-------- Data section --------

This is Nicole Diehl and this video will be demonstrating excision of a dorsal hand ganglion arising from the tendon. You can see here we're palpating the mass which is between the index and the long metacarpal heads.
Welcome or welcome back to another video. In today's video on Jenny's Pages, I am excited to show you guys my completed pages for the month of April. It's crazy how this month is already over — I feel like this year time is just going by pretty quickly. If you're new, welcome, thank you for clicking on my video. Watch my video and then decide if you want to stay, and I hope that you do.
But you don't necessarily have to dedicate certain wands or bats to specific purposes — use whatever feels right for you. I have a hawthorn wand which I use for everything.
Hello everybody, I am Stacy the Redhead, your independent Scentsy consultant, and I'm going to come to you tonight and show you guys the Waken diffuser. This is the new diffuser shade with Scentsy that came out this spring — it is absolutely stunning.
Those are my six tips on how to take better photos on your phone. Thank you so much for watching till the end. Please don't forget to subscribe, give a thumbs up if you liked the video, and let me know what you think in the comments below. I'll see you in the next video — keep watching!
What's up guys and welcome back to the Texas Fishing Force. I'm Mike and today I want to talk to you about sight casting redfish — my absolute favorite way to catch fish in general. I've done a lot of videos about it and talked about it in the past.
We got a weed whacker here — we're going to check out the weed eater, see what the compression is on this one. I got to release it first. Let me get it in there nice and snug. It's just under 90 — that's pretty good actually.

--------
-------- Data section --------

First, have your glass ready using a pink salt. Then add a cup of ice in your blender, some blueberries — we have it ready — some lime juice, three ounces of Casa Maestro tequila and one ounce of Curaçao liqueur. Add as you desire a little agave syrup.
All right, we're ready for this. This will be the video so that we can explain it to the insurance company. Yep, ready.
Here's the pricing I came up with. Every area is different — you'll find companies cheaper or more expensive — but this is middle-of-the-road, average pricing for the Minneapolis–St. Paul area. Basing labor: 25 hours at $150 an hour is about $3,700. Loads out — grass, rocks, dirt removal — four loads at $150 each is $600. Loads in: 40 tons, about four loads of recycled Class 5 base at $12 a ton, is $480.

--------

Only lines holding the word "guys" are wanted here; copy each from the listing.

Welcome or welcome back to another video. In today's video on Jenny's Pages, I am excited to show you guys my completed pages for the month of April. It's crazy how this month is already over — I feel like this year time is just going by pretty quickly. If you're new, welcome, thank you for clicking on my video. Watch my video and then decide if you want to stay, and I hope that you do.
Hello everybody, I am Stacy the Redhead, your independent Scentsy consultant, and I'm going to come to you tonight and show you guys the Waken diffuser. This is the new diffuser shade with Scentsy that came out this spring — it is absolutely stunning.
What's up guys and welcome back to the Texas Fishing Force. I'm Mike and today I want to talk to you about sight casting redfish — my absolute favorite way to catch fish in general. I've done a lot of videos about it and talked about it in the past.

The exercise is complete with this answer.